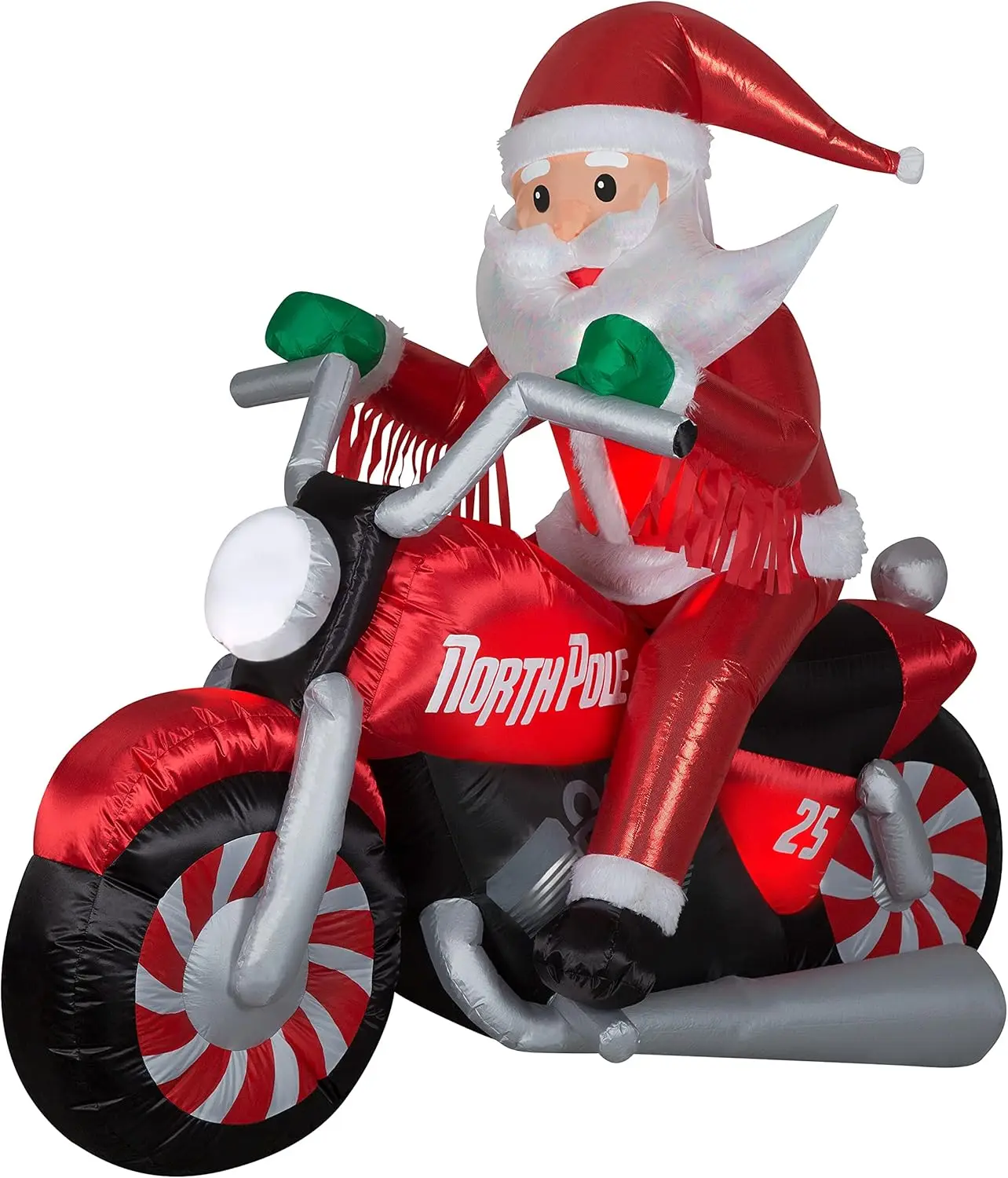 Christmas Airblown Inflatable Inflatable Luxe Santa on Christmas Motorcycle, 5.5 ft Tall, red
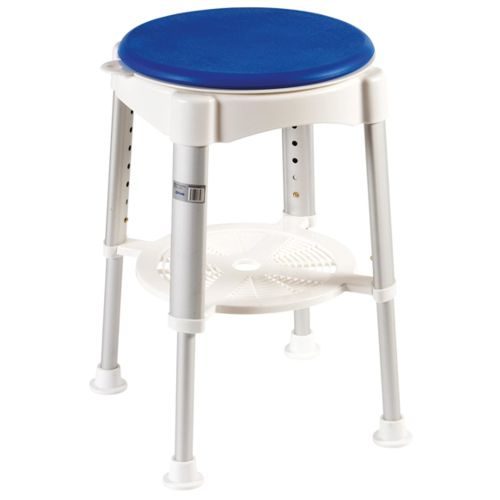 Bath Stool With Rotating Padded Seat, Padded Bath Stool, Rotating Bath Stool, Bath Stool, Drive, Drive Medical. Drive Devilbiss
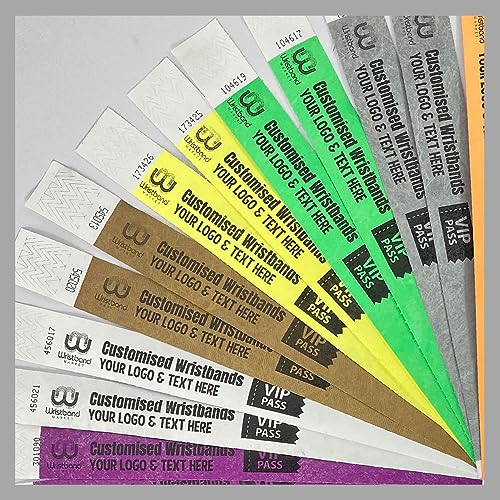 Bracelets Tyvek personnalisés lot de 600 pièces étanches pour festivals et soirées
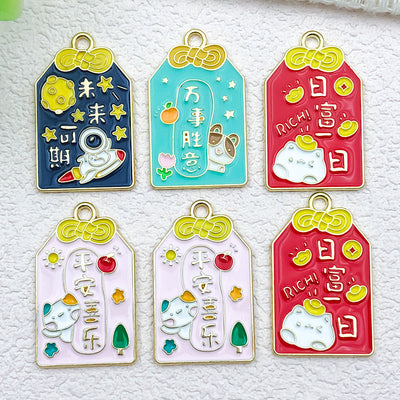 Printed detail graphic for the assorted shape charms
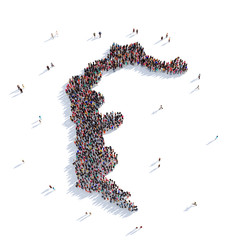 people group shape map Azad Kashmir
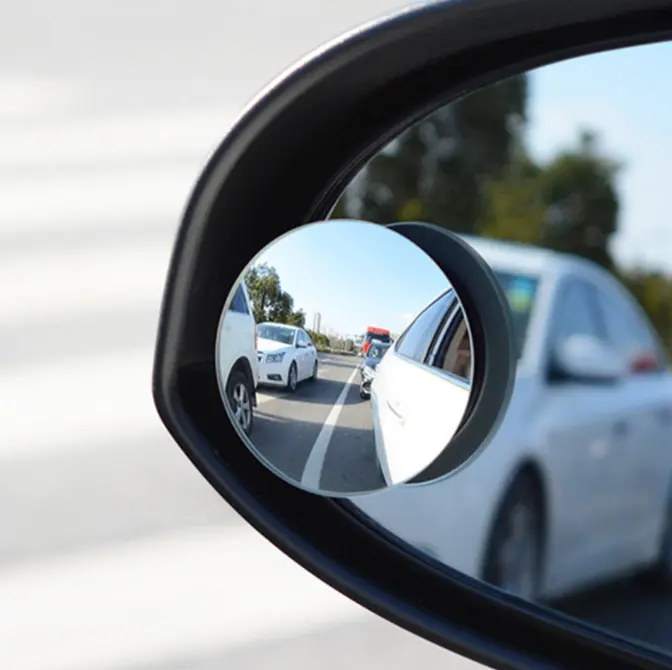 Rearview blind spot mirror small round mirror assist car artifact small reflective mirror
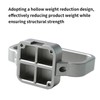 ZLYLVRC Aluminium Alloy Handle Rectangular Pull Handle Hole Extrusion Profile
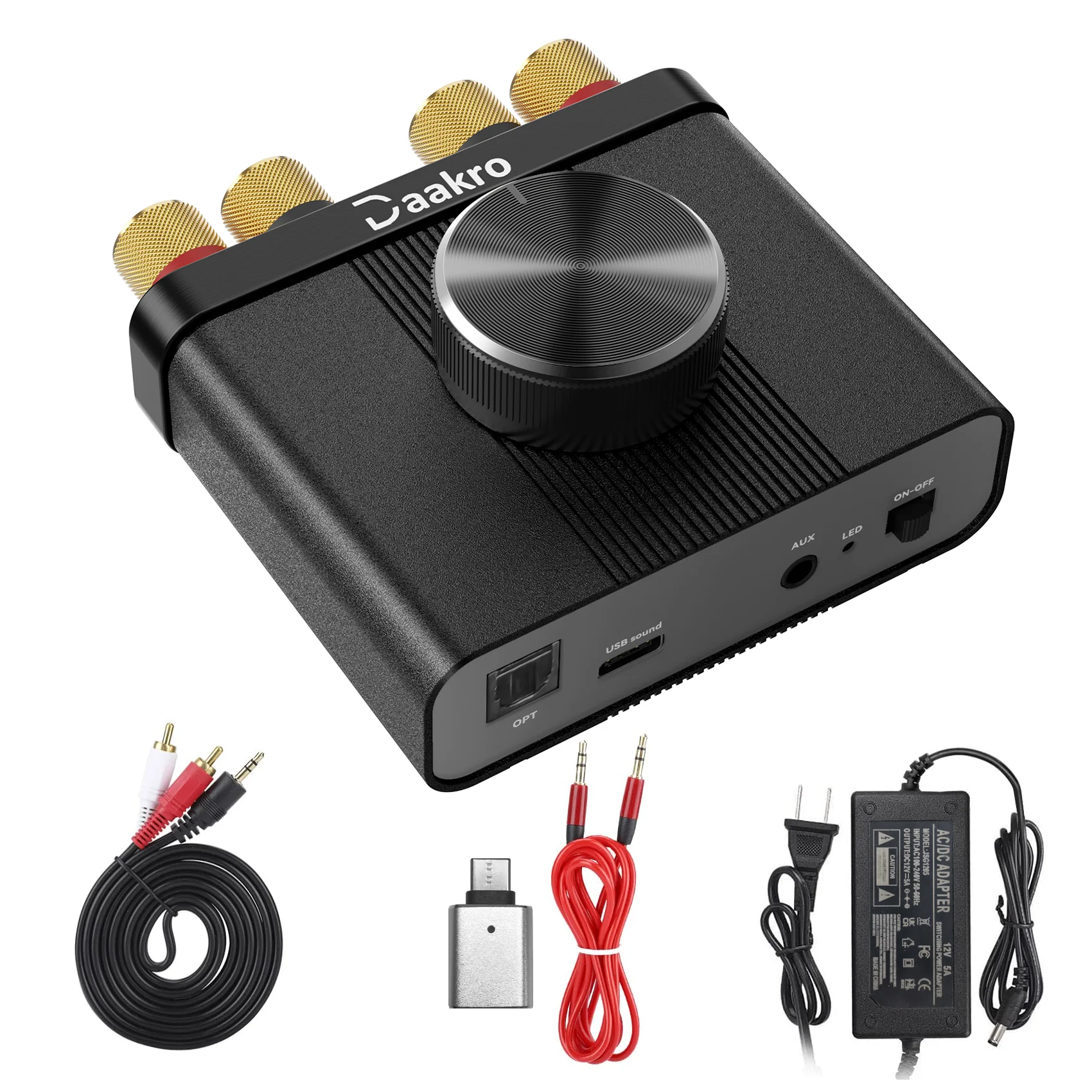 US Plug HiFi Bluetooth 5.0 Power Amplifier Mini TPA3116 Digital Class D Desk Stereo Audio Amp for Home Car 50W + 50W
US Plug HiFi Bluetooth 5.0 Power Amplifier Mini TPA3116 Digital Class D Desk Stereo Audio Amp for Home Car 50W + 50W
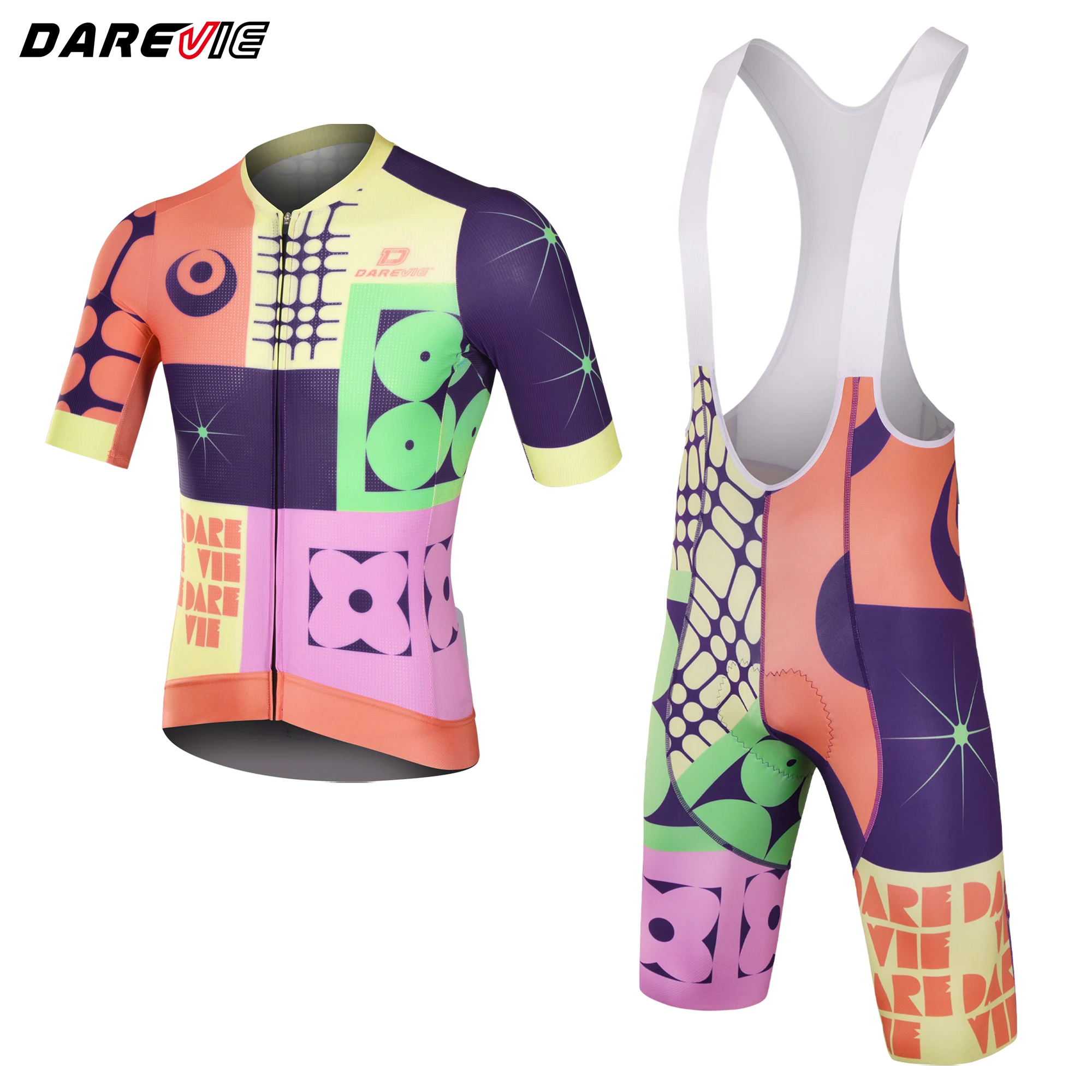DAREVIE Maglia da ciclismo uomo Maglia da ciclismo elastica antiscivolo Pro Level Uomo Abbigliamento da ciclismo da uomo leggero e morbido che assorbe l'umidità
⁂
TRY IT>
Copy the whole of the material above exactly, and exclude every picture.

SOLUTION FOR THIS TASK>
 Christmas Airblown Inflatable Inflatable Luxe Santa on Christmas Motorcycle, 5.5 ft Tall, red
 Bath Stool With Rotating Padded Seat, Padded Bath Stool, Rotating Bath Stool, Bath Stool, Drive, Drive Medical. Drive Devilbiss
 Bracelets Tyvek personnalisés lot de 600 pièces étanches pour festivals et soirées
 Printed detail graphic for the assorted shape charms
 people group shape map Azad Kashmir
 Rearview blind spot mirror small round mirror assist car artifact small reflective mirror
 ZLYLVRC Aluminium Alloy Handle Rectangular Pull Handle Hole Extrusion Profile
 US Plug HiFi Bluetooth 5.0 Power Amplifier Mini TPA3116 Digital Class D Desk Stereo Audio Amp for Home Car 50W + 50W
US Plug HiFi Bluetooth 5.0 Power Amplifier Mini TPA3116 Digital Class D Desk Stereo Audio Amp for Home Car 50W + 50W
DAREVIE Maglia da ciclismo uomo Maglia da ciclismo elastica antiscivolo Pro Level Uomo Abbigliamento da ciclismo da uomo leggero e morbido che assorbe l'umidità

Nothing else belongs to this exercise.